### Work request
Only the text belongs in the copy. Transcribe the data exactly and drop any pictures.

Data records:
________
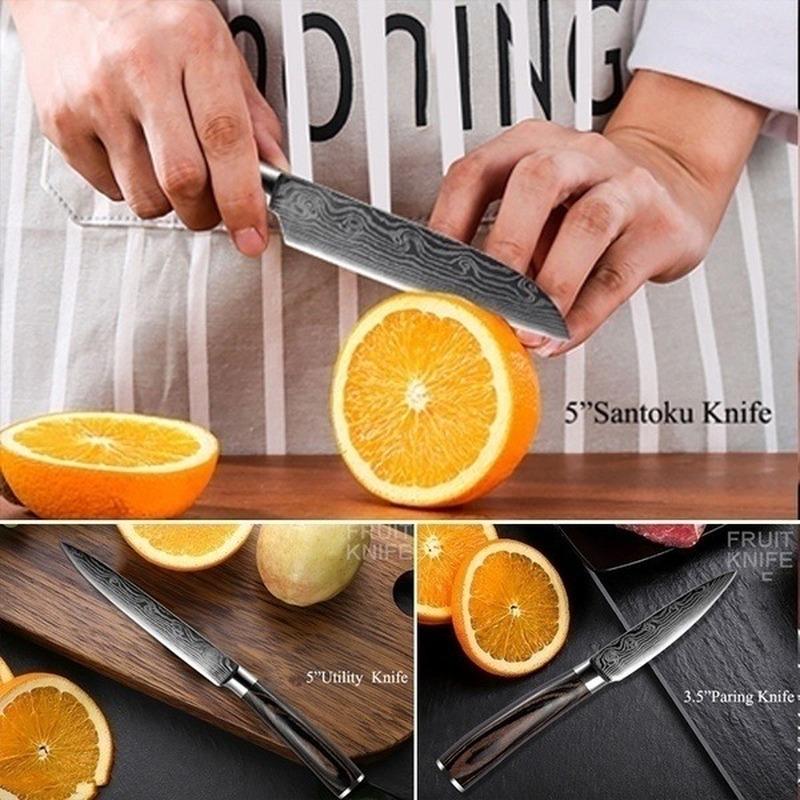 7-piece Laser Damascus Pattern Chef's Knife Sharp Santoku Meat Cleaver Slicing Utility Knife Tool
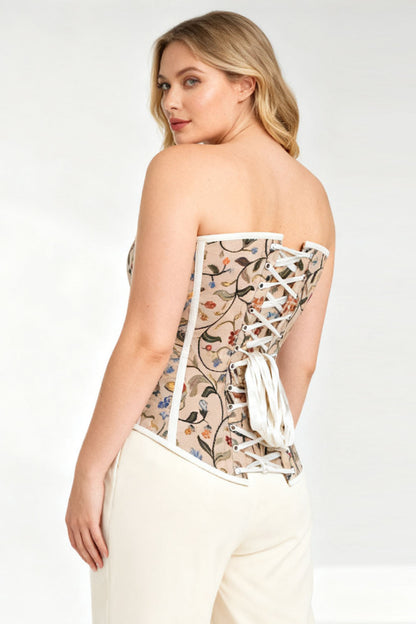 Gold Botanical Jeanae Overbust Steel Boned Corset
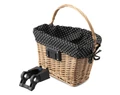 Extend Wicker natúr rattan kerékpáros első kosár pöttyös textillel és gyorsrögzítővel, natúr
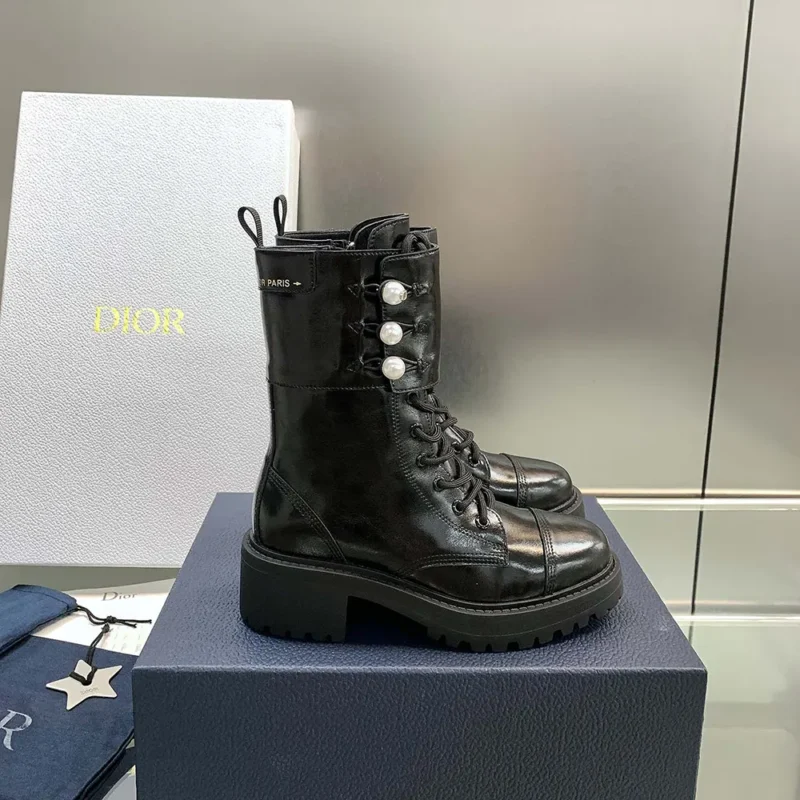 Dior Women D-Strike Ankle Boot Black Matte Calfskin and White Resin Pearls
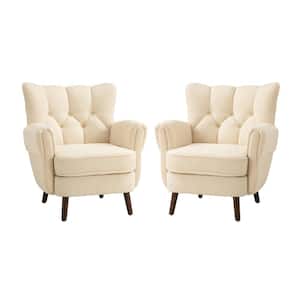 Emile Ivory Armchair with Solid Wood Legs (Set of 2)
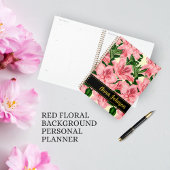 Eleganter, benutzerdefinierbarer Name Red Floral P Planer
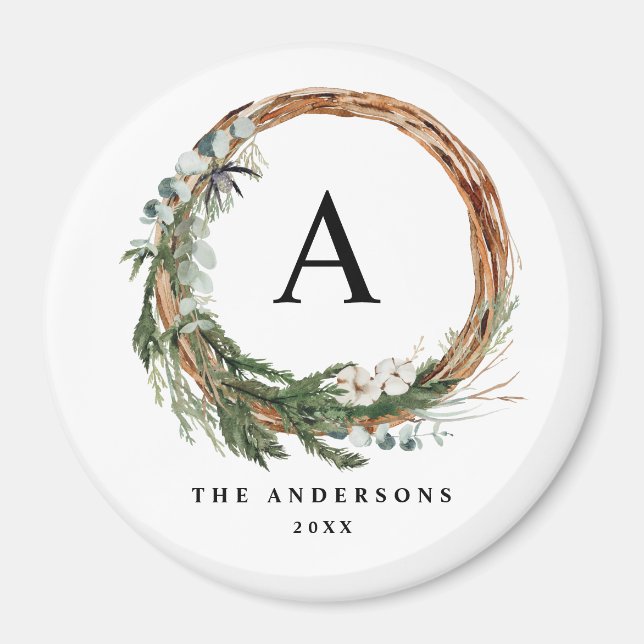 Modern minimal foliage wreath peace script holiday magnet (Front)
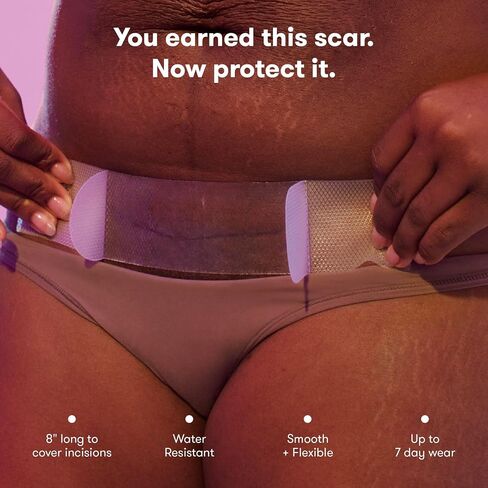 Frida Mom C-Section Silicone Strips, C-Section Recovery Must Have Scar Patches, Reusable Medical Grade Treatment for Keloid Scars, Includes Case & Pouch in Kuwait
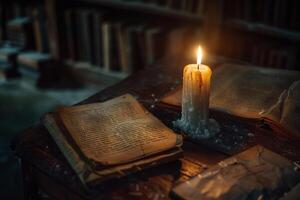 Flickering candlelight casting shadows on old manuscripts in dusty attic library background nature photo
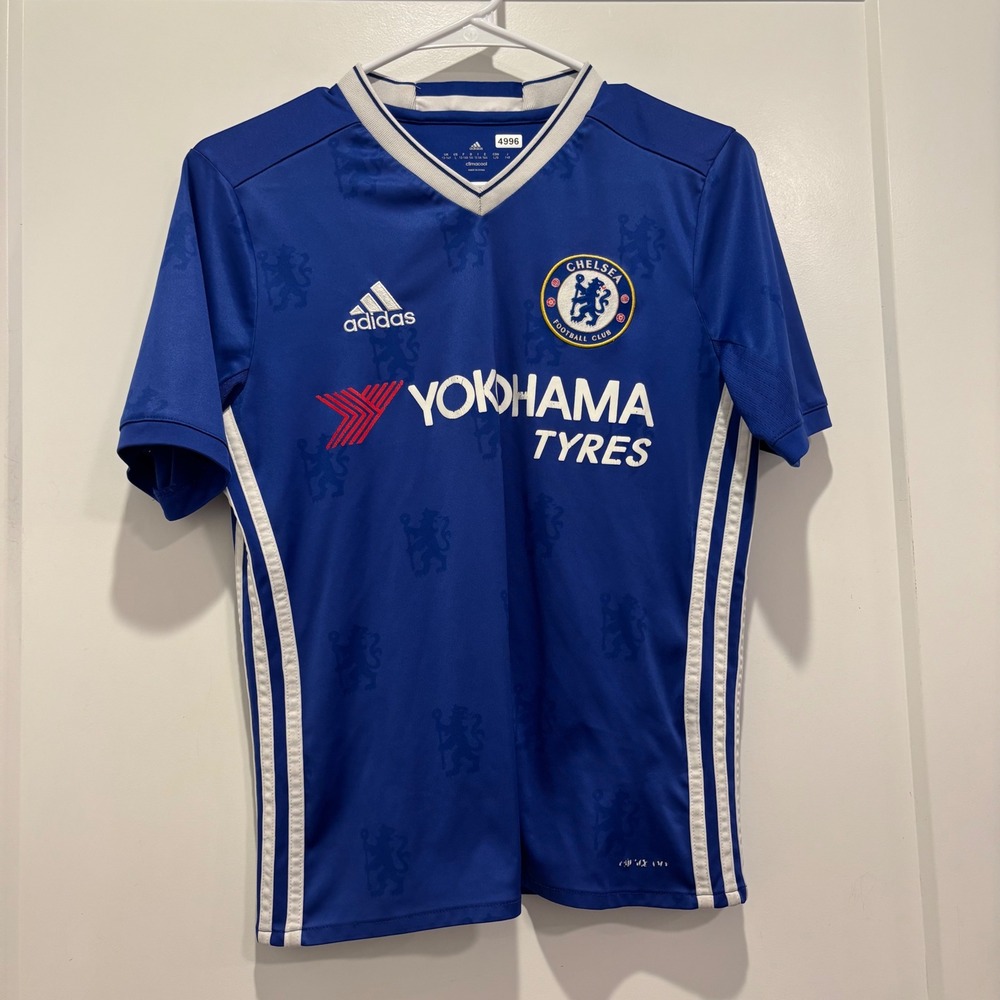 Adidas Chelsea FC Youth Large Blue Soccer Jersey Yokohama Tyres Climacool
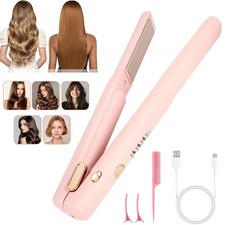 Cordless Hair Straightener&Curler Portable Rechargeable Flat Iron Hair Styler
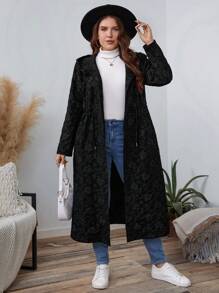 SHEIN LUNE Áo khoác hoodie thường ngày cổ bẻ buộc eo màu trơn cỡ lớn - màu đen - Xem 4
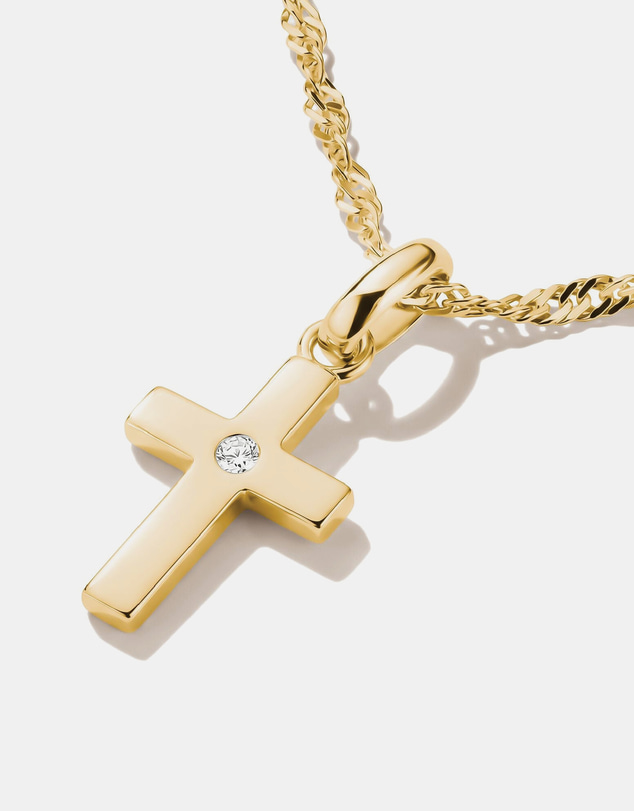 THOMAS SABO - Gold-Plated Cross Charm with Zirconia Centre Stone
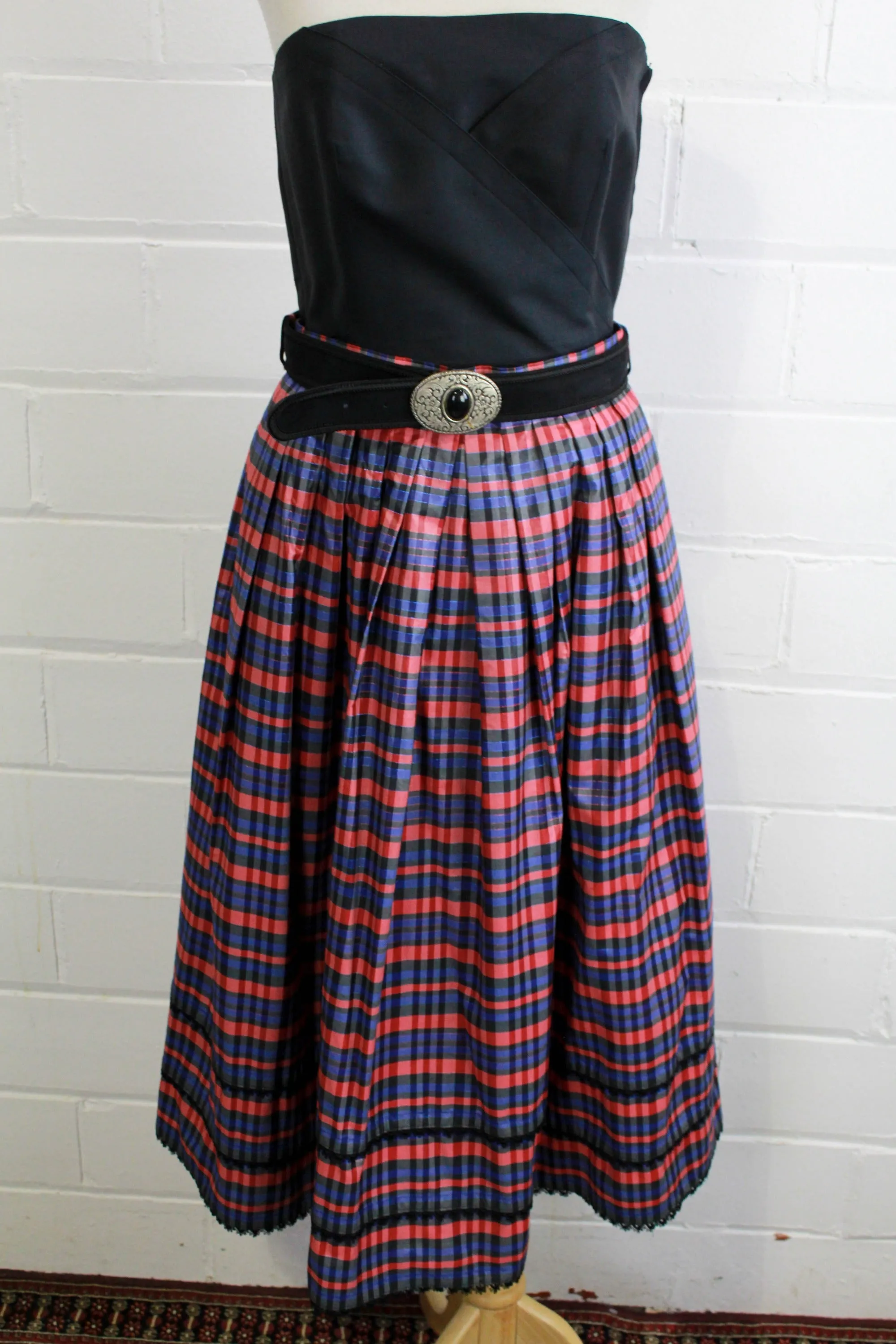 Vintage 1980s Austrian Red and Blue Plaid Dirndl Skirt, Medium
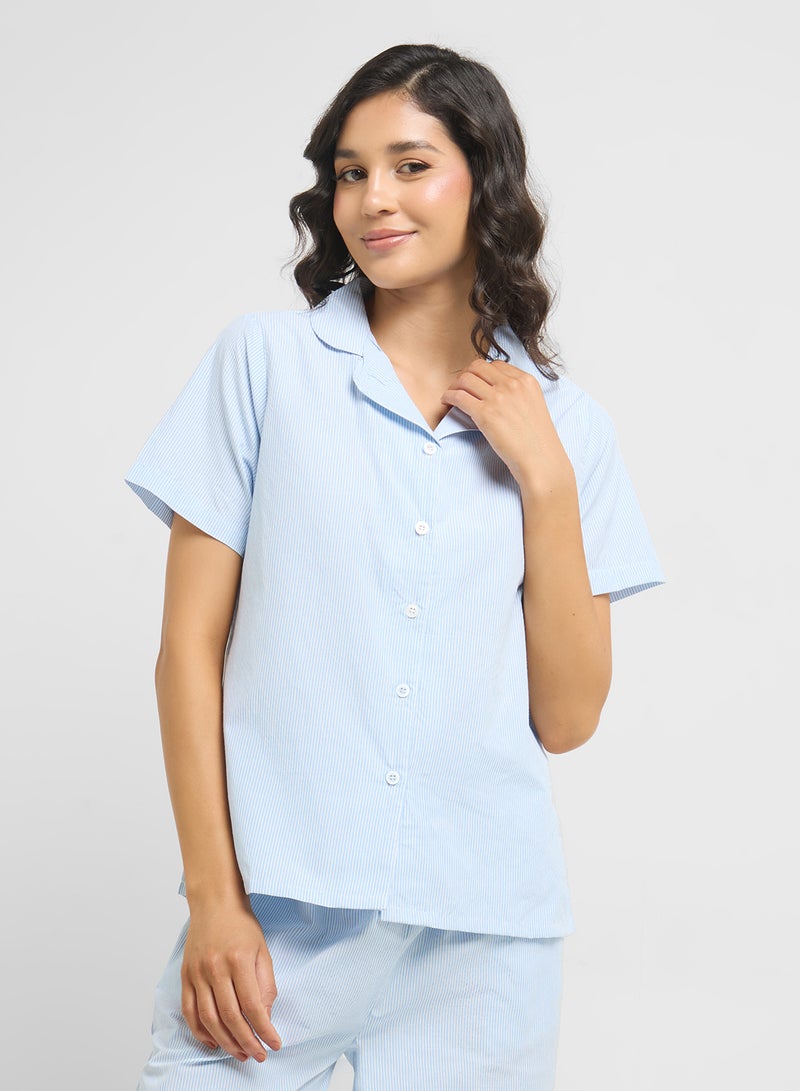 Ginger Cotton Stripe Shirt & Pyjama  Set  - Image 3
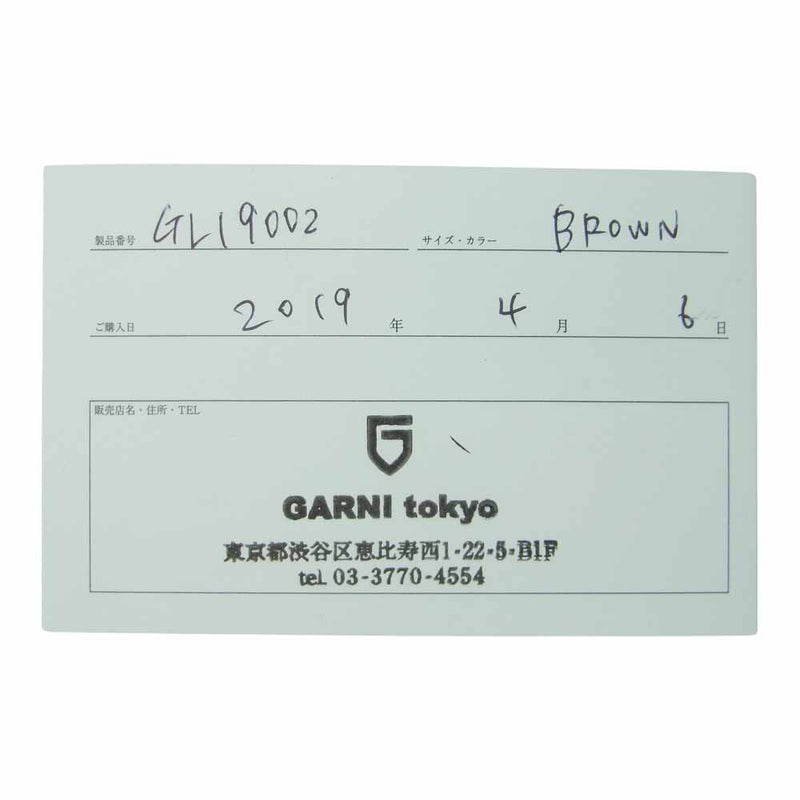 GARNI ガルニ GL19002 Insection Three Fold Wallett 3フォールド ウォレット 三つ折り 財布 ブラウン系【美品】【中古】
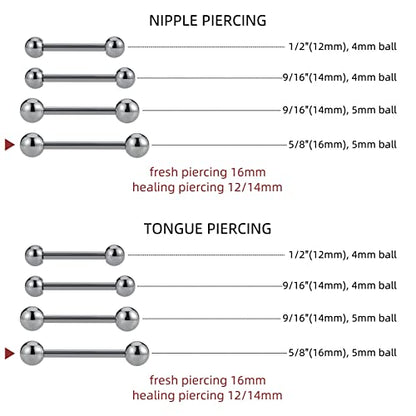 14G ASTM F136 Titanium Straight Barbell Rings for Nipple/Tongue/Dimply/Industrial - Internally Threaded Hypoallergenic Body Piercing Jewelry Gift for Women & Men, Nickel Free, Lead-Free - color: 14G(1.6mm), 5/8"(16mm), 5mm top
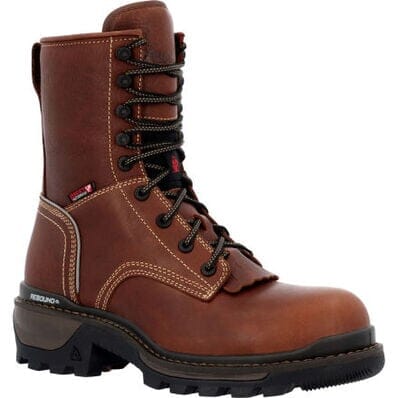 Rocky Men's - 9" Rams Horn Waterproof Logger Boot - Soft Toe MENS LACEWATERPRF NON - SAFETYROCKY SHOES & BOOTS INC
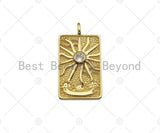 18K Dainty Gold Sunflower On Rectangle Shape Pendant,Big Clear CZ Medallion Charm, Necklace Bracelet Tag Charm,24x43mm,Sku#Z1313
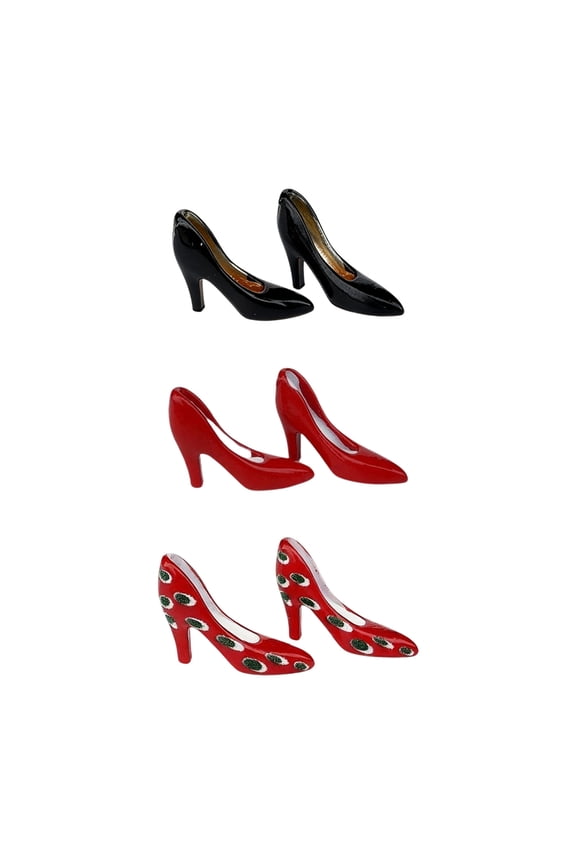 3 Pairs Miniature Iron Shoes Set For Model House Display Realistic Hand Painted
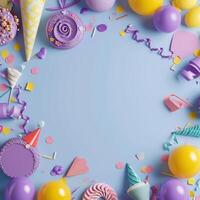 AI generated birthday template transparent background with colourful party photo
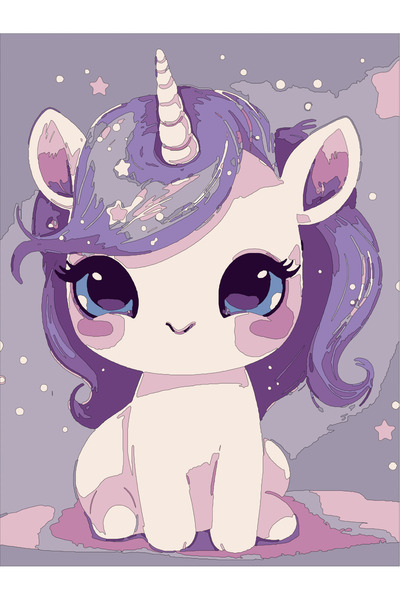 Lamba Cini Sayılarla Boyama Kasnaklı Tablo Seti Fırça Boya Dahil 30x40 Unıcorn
________
### Finished task
 7-piece Laser Damascus Pattern Chef's Knife Sharp Santoku Meat Cleaver Slicing Utility Knife Tool
 Gold Botanical Jeanae Overbust Steel Boned Corset
 Extend Wicker natúr rattan kerékpáros első kosár pöttyös textillel és gyorsrögzítővel, natúr
 Dior Women D-Strike Ankle Boot Black Matte Calfskin and White Resin Pearls
 Emile Ivory Armchair with Solid Wood Legs (Set of 2)
 Eleganter, benutzerdefinierbarer Name Red Floral P Planer
 Modern minimal foliage wreath peace script holiday magnet (Front)
 Frida Mom C-Section Silicone Strips, C-Section Recovery Must Have Scar Patches, Reusable Medical Grade Treatment for Keloid Scars, Includes Case & Pouch in Kuwait
 Flickering candlelight casting shadows on old manuscripts in dusty attic library background nature photo
 Adidas Chelsea FC Youth Large Blue Soccer Jersey Yokohama Tyres Climacool
 Cordless Hair Straightener&Curler Portable Rechargeable Flat Iron Hair Styler
 SHEIN LUNE Áo khoác hoodie thường ngày cổ bẻ buộc eo màu trơn cỡ lớn - màu đen - Xem 4
 THOMAS SABO - Gold-Plated Cross Charm with Zirconia Centre Stone
 Vintage 1980s Austrian Red and Blue Plaid Dirndl Skirt, Medium
 Ginger Cotton Stripe Shirt & Pyjama  Set  - Image 3
 GARNI ガルニ GL19002 Insection Three Fold Wallett 3フォールド ウォレット 三つ折り 財布 ブラウン系【美品】【中古】
 14G ASTM F136 Titanium Straight Barbell Rings for Nipple/Tongue/Dimply/Industrial - Internally Threaded Hypoallergenic Body Piercing Jewelry Gift for Women & Men, Nickel Free, Lead-Free - color: 14G(1.6mm), 5/8"(16mm), 5mm top
 Rocky Men's - 9" Rams Horn Waterproof Logger Boot - Soft Toe MENS LACEWATERPRF NON - SAFETYROCKY SHOES & BOOTS INC
 18K Dainty Gold Sunflower On Rectangle Shape Pendant,Big Clear CZ Medallion Charm, Necklace Bracelet Tag Charm,24x43mm,Sku#Z1313
 3 Pairs Miniature Iron Shoes Set For Model House Display Realistic Hand Painted
 AI generated birthday template transparent background with colourful party photo
 Lamba Cini Sayılarla Boyama Kasnaklı Tablo Seti Fırça Boya Dahil 30x40 Unıcorn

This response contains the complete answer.